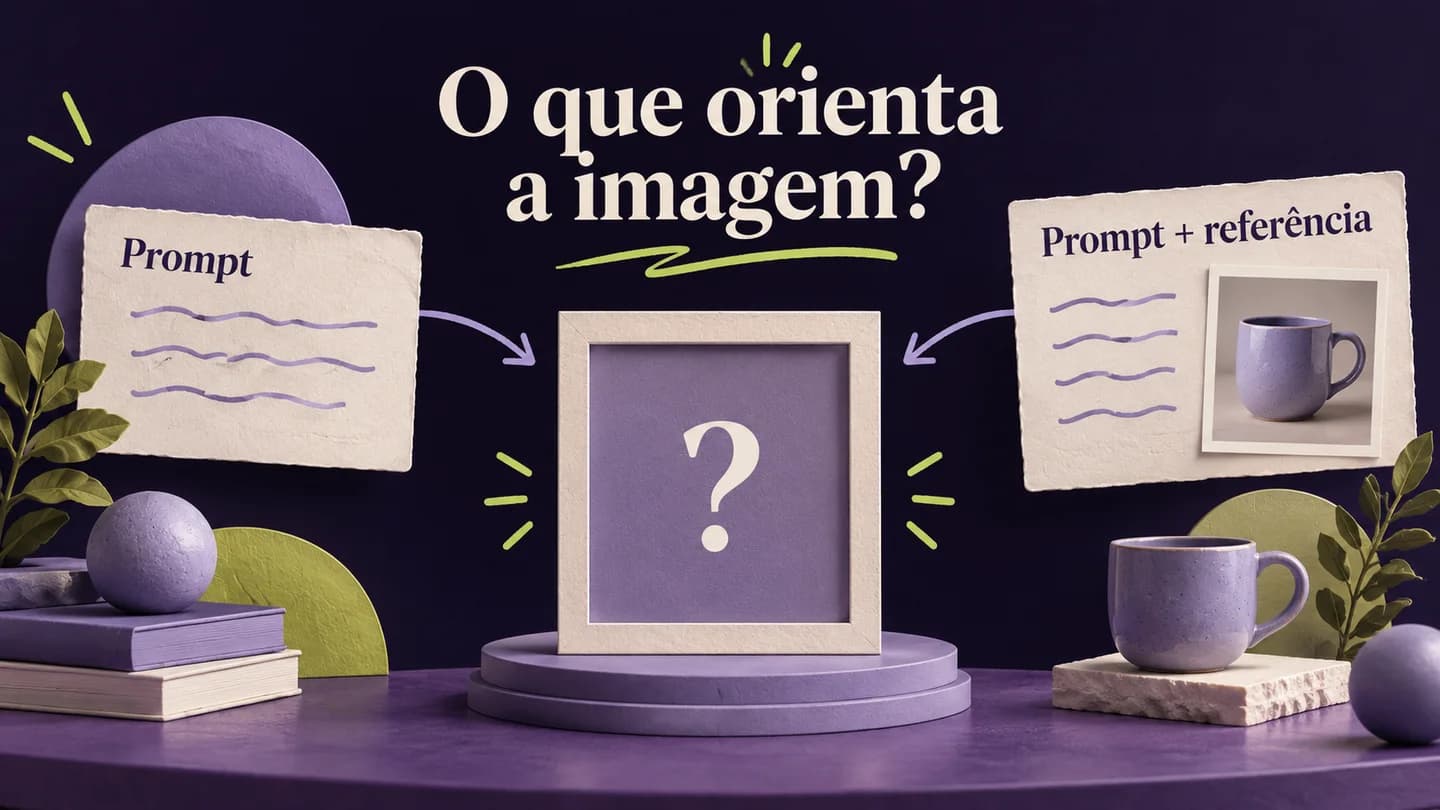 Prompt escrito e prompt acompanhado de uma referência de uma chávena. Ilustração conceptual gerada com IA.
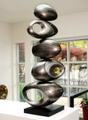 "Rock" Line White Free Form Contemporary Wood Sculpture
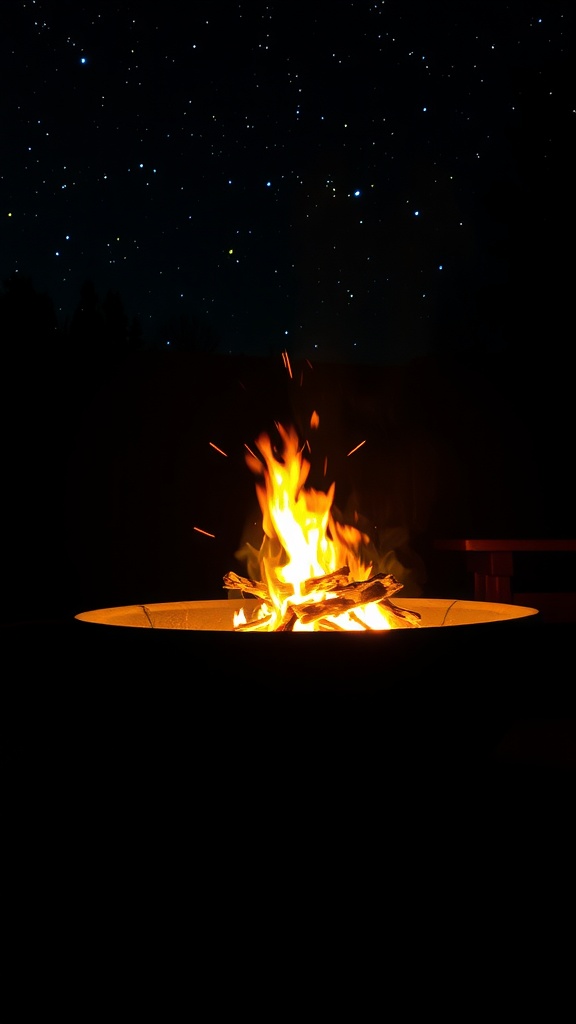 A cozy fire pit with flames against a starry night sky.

· · · ·

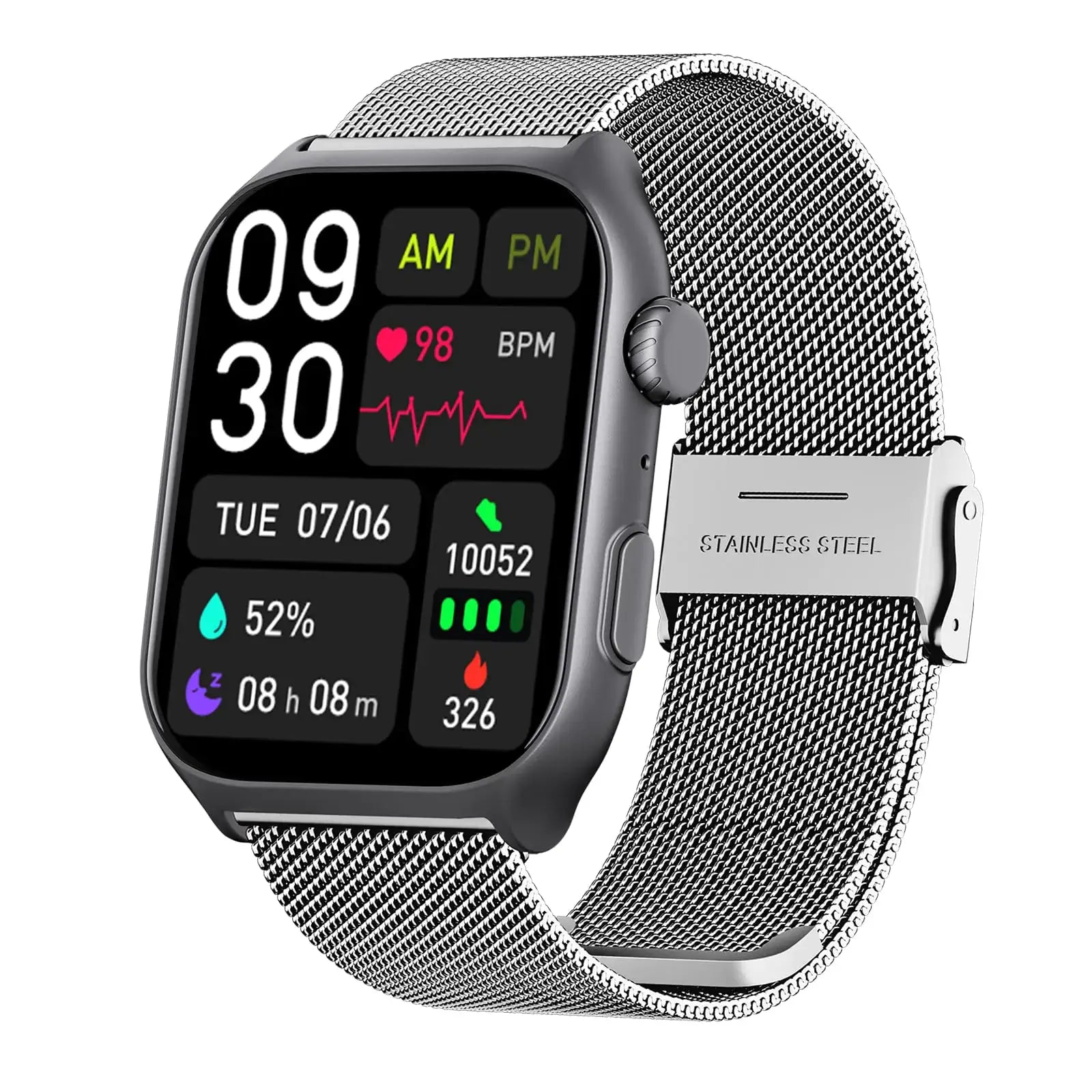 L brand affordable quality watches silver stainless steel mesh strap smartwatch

· · · ·

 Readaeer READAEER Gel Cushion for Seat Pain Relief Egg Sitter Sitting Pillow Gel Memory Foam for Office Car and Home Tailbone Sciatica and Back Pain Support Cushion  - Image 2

· · · ·

REQUIRED WORK:
Reproduce exactly the lines above that run from the one with "Contemporary Wood Sculpture" to the one with "A cozy fire", both included, leaving pictures out.

WRITTEN ANSWER:
 "Rock" Line White Free Form Contemporary Wood Sculpture
 A cozy fire pit with flames against a starry night sky.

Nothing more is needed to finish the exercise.